I like the use of non-ASCII Unicode glyphs and symbols for some functions/commands.

It makes me wonder why (since we now have rich graphical user interfaces as opposed to monochrome ASCII command-line dumb terminals that were prevalent in the mid-early history of computers) more languages don't support those.

On a related note, I think it would be interesting to research computer languages which were developed in base languages that are not English, i.e., any computer languages originating out of India, Russia, China, Japan, etc. -- to name a few...

Maybe there's such a thing as an Esperanto programming language...

Getting back to symbols though, a future society might implement a purely symbol based programming language.

Were ancient Egyptian hieroglyphs -- a programming language for a computing architecture that has vanished in the depths of time?

One can only speculate!

We do know that in our current day there are programming languages like Mathematica, where Math symbols can be used in lieu of English(y) code, and there may be a trend to more symbols replacing ASCII named/spelled keywords and functions in our code in languages of the future...

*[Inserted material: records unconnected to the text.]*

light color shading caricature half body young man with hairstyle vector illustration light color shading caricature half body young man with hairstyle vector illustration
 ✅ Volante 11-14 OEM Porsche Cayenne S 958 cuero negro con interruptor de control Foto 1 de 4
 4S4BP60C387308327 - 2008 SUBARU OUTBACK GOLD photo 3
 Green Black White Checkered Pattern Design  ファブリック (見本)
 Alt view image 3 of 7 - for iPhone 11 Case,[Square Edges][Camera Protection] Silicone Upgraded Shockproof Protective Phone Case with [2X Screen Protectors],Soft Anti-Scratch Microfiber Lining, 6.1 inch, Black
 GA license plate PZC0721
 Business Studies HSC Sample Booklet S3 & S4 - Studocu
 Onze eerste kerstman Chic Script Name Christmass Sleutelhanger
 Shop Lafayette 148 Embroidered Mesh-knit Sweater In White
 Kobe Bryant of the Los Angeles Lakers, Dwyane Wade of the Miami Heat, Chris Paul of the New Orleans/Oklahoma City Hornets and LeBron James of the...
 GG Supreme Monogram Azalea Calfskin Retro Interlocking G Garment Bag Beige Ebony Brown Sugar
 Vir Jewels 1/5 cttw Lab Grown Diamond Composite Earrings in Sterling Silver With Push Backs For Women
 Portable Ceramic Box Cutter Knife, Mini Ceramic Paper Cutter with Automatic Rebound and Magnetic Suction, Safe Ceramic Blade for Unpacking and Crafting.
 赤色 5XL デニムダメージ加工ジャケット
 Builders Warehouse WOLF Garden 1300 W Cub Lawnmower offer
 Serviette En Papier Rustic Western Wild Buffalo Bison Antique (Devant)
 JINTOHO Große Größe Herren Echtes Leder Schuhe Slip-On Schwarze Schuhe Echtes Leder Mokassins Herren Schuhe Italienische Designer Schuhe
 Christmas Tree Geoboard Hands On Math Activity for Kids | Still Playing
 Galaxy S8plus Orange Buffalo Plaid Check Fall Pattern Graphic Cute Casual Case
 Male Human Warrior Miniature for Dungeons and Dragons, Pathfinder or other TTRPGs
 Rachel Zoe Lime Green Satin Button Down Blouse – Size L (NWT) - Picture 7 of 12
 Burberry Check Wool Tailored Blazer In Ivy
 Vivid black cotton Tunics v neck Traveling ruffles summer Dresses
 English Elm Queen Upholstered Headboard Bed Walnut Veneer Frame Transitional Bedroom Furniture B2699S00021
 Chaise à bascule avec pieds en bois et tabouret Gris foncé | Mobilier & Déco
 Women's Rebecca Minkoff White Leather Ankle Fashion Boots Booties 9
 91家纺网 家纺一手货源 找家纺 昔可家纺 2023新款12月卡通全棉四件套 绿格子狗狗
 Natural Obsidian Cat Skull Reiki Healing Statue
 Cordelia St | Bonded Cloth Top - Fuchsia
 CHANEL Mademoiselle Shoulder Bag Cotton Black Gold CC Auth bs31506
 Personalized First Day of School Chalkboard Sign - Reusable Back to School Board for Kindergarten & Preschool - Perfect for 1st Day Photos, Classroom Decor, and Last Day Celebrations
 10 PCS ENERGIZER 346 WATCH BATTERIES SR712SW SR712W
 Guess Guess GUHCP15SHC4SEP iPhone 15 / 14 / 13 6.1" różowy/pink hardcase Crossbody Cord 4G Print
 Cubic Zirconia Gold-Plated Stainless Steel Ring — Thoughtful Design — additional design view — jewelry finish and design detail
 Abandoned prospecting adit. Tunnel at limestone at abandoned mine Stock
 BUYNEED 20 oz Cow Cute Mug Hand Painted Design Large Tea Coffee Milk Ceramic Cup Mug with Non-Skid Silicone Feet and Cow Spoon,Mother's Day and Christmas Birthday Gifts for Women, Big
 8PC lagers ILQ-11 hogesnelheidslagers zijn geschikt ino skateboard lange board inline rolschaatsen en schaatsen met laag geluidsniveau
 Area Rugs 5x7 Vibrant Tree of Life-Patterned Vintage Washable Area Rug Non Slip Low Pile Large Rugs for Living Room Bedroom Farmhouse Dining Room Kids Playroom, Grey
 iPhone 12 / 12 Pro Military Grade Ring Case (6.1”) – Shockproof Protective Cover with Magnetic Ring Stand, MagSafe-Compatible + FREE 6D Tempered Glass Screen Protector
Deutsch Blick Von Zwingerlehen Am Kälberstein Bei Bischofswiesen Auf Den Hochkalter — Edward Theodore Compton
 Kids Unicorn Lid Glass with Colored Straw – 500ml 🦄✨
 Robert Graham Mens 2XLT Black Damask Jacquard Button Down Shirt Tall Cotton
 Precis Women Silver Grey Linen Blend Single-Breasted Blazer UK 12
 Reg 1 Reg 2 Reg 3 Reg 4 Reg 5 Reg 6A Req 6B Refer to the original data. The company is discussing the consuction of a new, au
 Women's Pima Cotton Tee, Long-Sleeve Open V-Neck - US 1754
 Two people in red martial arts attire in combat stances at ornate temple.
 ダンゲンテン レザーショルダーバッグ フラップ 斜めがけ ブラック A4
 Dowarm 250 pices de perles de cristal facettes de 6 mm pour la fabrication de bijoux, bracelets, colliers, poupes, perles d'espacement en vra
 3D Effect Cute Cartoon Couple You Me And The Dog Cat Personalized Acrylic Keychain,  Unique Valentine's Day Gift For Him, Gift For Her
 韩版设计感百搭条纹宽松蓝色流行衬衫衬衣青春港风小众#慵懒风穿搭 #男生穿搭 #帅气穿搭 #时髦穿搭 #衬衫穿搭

The use of symbols to replace words might result in smaller tighter, more readable code -- but (I'm thinking from the perspective of a future society here) it also might sever the bridge to computing's past...

Which may be desirable to have, IF that future society would want to resurrect computers and compuation from a future apocalyptic event...

But perhaps I'm thinking too hard about all of this...

Interested parties may want to check out the following video:

"Why are these 32 symbols found in caves all over Europe | Genevieve von Petzinger":

https://www.youtube.com/watch?v=hJnEQCMA5Sg

Or, fast forward to this point to see the 32 symbols:

https://youtu.be/hJnEQCMA5Sg?t=403

Also, here is a great tutorial page for people who are new to stack-based languages:

https://skilldrick.github.io/easyforth/

Anyway, Uiua looks very nice!

1 comments

Speaking of ancient hieroglyphs, there is a long lineage of symbol-based languages and it is interesting to follow their ebb and flow over time: APL is one of the oldest languages, existing alongside contemporaries like COBOL. In the ancient mainframe era when everything was up for grabs and few things felt set in stone (including character encodings and the format of punch cards, and the sorts of keyboards used to punch those cards) APL was there trying to save punch card space (but not keyboard space, there were some huge APL-focused keyboards) by using a heavily math notation-influenced symbolic language.

Of course, as such things go, APL's appeal fell as the mainframe world settled on EBCDIC or ASCII (depending on if you were an IBM shop or not) as a "universal" character encoding and also as saving punch card space was less of a problem as other storage systems became more prominent.

Uiua seems a fun "emoji-native" take on "your grandmother's" APL. (BQN is generally cited as among the first "Unicode-native" in the APL family. Beyond the stack language changes as neither APL nor BQN are stack languages, Uiua swaps some niftier emoji-based choices for operators that feel fresher and less "ancient math hieroglyphics" and little bit more "texting your modern friend who in this case is a computer" hieroglyphics.)

It is a fun "emoji-native" take, but I think "fun" almost sells it short.

It feels like there really is something special about how the combination of all the little things make it more than the sum of its parts. On a language level therews a stack + absence of operator overloading + simple array model to make it easier to reason about. On an interface level there is word-based input with autoformatting, and a zero-install web-based interface with reminder tooltips and clickable links.

The examples are a lot easier for me to read through than with other array languages I've tried. And I've seriously tried both Dyalog and BQN! I think they're brilliant, but something just refuses to click in my brain for them.